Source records
┄┄┄┄┄┄

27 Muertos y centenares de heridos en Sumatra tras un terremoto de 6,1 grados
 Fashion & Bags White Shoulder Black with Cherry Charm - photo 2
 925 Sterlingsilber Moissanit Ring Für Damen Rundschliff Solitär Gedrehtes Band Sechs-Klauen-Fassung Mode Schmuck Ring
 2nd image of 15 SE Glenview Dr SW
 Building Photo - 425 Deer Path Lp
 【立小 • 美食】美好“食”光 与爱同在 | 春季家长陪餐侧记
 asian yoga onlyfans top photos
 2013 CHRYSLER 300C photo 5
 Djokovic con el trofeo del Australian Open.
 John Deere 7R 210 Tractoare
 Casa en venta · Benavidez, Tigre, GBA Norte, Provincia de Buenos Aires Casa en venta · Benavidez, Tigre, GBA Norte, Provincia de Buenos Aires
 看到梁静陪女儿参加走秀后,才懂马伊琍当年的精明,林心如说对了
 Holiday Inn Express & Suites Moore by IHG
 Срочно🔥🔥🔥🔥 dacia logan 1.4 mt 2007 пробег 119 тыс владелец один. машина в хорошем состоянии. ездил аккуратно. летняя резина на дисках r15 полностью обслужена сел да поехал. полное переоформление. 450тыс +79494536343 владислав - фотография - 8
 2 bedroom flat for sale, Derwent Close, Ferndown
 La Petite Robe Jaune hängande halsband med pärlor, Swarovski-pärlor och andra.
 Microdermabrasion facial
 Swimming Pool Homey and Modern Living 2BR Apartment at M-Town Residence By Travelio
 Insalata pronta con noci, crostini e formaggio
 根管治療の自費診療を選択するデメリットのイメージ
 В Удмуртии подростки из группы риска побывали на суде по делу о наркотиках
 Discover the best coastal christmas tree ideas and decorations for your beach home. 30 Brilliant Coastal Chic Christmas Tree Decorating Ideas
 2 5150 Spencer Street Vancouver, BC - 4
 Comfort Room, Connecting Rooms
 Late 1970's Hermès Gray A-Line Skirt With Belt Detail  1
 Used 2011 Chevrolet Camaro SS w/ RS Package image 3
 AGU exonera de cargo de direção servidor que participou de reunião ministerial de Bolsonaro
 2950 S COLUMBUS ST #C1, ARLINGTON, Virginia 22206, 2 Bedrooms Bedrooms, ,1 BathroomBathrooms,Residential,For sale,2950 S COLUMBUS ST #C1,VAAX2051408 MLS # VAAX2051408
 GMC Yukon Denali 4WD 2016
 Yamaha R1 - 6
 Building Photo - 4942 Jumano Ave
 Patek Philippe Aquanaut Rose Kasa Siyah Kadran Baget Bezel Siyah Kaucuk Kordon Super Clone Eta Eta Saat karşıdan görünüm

┄┄┄┄┄┄

From the entries above, copy each line that holds "image".

Answer to the problem:
 2nd image of 15 SE Glenview Dr SW
 Used 2011 Chevrolet Camaro SS w/ RS Package image 3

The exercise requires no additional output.